Anthony Nicholas Orban was off duty from his post as a police detective in Westminster, California on April 3, 2010 when he sexually assaulted a woman. His defense team admits the attack took place, but says their client should be found not guilty because he was suffering a psychotic episode brought on by the antidepressant Zoloft.
The facts of the crime are terrifying. The 32-year-old Orban used his service revolver to coerce the 25-year-old waitress (her name has not been made public) into his car after her shift at a restaurant in the Ontario Hills mall. He drove to a storage place in Fontana where raped her repeatedly, took cellphone pictures of her, and even shoved a gun in her mouth when she cried. Passersby came within feet of the car, but the tinted windows prevented discovery. Orban received a cellphone call during the attack, and when he answered it, the woman fled the car and found help.
Orban’s trial began last month, and while the allegations were basically uncontested, the defense was unusual: defense attorney James Blatt blamed the drug Zoloft for impairing Orban’s mental state to the point where he was “totally unaware of his actions.” The defense called psychiatrist Peter Breggin, a known critic of psychotropic drugs to bolster the theory that Orban was in an unconscious state during the attack: “I don’t even think he knows he’s tormenting her,” Breggin told jurors. “He would not under any circumstances behave like this if he was not driven over the edge by the drugs.”

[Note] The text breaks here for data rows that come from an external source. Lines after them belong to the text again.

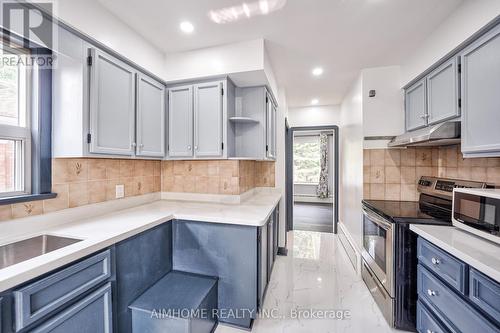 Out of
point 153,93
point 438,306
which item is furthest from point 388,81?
point 153,93

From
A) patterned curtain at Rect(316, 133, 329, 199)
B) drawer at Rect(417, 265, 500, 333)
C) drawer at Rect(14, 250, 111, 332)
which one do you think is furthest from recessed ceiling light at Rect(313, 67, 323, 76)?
patterned curtain at Rect(316, 133, 329, 199)

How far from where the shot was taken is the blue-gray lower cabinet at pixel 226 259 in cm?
164

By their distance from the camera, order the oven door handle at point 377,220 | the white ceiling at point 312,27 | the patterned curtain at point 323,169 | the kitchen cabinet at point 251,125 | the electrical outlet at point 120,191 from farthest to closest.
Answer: the patterned curtain at point 323,169
the kitchen cabinet at point 251,125
the electrical outlet at point 120,191
the oven door handle at point 377,220
the white ceiling at point 312,27

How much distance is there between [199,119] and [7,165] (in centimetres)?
138

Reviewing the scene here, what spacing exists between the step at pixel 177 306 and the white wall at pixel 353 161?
6.43 feet

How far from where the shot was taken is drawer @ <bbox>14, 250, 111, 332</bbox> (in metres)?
0.84

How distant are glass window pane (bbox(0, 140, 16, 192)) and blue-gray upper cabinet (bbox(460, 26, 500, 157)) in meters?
3.02

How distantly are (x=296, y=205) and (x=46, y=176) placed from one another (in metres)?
5.92

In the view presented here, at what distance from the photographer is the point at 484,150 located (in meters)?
1.33

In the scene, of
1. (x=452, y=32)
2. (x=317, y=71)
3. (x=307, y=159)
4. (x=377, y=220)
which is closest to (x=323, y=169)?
(x=307, y=159)

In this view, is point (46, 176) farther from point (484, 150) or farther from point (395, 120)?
point (395, 120)

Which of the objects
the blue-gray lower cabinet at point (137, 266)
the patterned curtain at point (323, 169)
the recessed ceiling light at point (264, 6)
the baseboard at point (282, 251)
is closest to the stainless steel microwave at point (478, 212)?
the recessed ceiling light at point (264, 6)

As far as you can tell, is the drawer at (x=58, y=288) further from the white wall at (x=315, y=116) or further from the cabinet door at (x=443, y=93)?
the white wall at (x=315, y=116)

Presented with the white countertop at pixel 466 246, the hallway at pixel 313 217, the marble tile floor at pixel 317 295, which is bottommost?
the marble tile floor at pixel 317 295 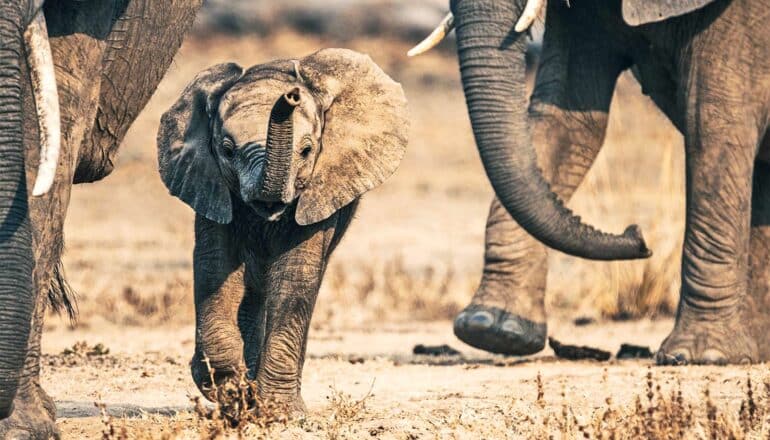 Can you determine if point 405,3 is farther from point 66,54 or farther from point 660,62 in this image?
point 66,54

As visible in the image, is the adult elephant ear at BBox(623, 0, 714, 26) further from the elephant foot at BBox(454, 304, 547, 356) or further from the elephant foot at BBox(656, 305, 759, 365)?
the elephant foot at BBox(454, 304, 547, 356)

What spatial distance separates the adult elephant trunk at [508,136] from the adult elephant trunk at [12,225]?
2631 mm

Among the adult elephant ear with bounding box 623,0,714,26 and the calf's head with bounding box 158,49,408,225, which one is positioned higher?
the adult elephant ear with bounding box 623,0,714,26

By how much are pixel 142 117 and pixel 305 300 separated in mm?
12467

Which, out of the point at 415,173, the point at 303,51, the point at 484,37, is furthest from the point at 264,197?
the point at 303,51

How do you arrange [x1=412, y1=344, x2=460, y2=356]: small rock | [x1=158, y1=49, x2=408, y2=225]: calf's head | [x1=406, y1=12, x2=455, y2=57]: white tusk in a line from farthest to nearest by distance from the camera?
[x1=412, y1=344, x2=460, y2=356]: small rock → [x1=406, y1=12, x2=455, y2=57]: white tusk → [x1=158, y1=49, x2=408, y2=225]: calf's head

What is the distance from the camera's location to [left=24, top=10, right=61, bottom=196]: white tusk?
4.66m

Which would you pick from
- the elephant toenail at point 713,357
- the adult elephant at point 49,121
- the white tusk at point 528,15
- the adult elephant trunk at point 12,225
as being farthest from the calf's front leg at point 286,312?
the elephant toenail at point 713,357

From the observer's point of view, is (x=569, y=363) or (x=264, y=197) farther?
(x=569, y=363)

On Wednesday, the jury made their decision. They found Orban guilty of eight charges, including rape, forced oral copulation and sexual penetration with a foreign object. Orban’s victim was in court as the verdict was read, betraying a small smile at the outcome.
This week, the jury will reconvene in the Rancho Cucamonga courtroom to decide whether Obran was criminally insane at the time of the crime. If the panel finds Orban could distinguish right from wrong during the attack, he faces life behind bars.